The financial plan achieves the objectives described above by the following reductions in expenditure:

  • It reduces operating budgets across the college, through differentially allocated cuts. These cuts decrease non-faculty staffing levels by 8.6%, for a net reduction of 81.5 FTE. Through the enhanced severance plan, elimination of vacant positions, and lay-offs that have already occurred, we have achieved about half of this reduction. The proposed plan involves the elimination of 37.2 additional FTE, affecting 54 positions. We hope to place some of these people in the positions we have banked this year.
  • It eliminates 25 faculty positions over the course of five years, through the retirement program, for a savings of $2.8 million by 2006-2007. This represents a reduction of 8.7% to the current size of the faculty.
  • It proposes changes in the dining system, reducing the number of kitchens and dining rooms, while expanding meal options, for a savings of approximately $800,000 per year.
  • It moves student loan levels over two years to amounts consistent with those of our closest peers, increasing revenues by approximately $1.1 million. (Loan levels will remain the same for entering students, but they will increase by $300 for sophomores, $1,000 for juniors, and $600 for seniors by 2006.)
  • It achieves approximately $1.6 million in savings by eliminating the general contingency fund and structural surpluses, reducing discretionary funds managed by senior staff, and shifting some expenses from unrestricted funds to restricted endowments.
  • It achieves approximately $550,000 in savings from conservation measures, including new utility contracts and a paper reduction initiative that would move a significant number of paper publications to the Web.
  • It identifies other revenue enhancements of about $600,000.
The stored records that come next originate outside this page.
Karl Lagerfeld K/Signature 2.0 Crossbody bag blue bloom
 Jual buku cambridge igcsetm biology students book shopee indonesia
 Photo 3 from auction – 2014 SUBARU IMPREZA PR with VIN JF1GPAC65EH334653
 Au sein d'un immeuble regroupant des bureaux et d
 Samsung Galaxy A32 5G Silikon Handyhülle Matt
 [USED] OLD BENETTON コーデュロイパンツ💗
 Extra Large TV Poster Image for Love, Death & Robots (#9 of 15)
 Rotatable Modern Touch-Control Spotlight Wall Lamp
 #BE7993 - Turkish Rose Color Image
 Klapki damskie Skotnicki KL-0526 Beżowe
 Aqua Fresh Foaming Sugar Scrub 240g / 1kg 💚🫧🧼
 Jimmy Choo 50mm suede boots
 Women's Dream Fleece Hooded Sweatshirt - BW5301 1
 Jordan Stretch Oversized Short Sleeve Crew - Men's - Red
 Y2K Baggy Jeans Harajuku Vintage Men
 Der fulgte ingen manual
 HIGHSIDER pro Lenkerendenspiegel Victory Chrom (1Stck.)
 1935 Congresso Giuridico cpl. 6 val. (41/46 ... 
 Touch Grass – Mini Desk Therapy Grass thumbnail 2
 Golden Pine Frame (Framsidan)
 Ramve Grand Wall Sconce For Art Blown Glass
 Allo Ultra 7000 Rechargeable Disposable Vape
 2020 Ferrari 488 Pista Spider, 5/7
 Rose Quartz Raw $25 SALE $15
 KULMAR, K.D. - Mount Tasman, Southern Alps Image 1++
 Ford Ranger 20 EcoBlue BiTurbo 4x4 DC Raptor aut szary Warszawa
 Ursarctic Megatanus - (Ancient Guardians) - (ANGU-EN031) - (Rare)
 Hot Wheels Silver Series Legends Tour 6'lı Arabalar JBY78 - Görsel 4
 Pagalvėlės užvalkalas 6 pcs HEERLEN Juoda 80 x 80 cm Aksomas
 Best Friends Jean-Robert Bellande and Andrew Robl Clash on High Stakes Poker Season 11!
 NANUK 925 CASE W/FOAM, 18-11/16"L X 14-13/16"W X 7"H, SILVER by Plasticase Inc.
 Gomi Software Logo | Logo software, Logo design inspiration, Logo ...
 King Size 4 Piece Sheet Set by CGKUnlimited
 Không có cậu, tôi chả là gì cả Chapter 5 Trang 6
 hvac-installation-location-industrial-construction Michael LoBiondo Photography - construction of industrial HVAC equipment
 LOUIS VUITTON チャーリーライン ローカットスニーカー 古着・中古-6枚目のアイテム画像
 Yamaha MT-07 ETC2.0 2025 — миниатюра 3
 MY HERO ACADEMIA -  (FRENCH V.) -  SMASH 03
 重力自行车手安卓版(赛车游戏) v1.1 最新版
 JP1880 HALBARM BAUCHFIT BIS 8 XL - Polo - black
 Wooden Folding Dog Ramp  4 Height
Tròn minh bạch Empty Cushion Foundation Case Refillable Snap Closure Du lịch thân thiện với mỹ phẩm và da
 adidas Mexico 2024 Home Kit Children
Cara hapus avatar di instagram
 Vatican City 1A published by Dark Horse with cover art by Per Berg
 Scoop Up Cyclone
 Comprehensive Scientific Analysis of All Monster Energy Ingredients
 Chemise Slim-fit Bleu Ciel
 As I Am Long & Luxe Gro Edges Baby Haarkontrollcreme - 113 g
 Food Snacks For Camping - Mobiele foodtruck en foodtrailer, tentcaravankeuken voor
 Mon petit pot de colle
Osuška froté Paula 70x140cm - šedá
The plan is meant as the starting point for campus discussion. ACRA and CMP, the two committees charged with responsibility for advising me, respectively, about resource allocation and about the college’s mission and priorities, have already begun intensive discussion of the detailed plan. Members of the senior staff and I will be meeting with various constituencies over the course of the spring semester to hear their responses to elements of the plan. When I have gathered advice from all of these quarters, I will make a recommendation to the Board of Trustees in May, which will vote upon it at that time.

We know that these changes and reductions will be difficult not only for the individuals involved but also for the community as a whole. For the future health of the college, however, we must develop and implement a financial plan that restores fiscal stability to the budget, sustains funding for the most important priorities of the college, and invests in the resources to respond to current and new needs. We must not only balance the budget; we must make strategic investments that will keep Smith strong in the future.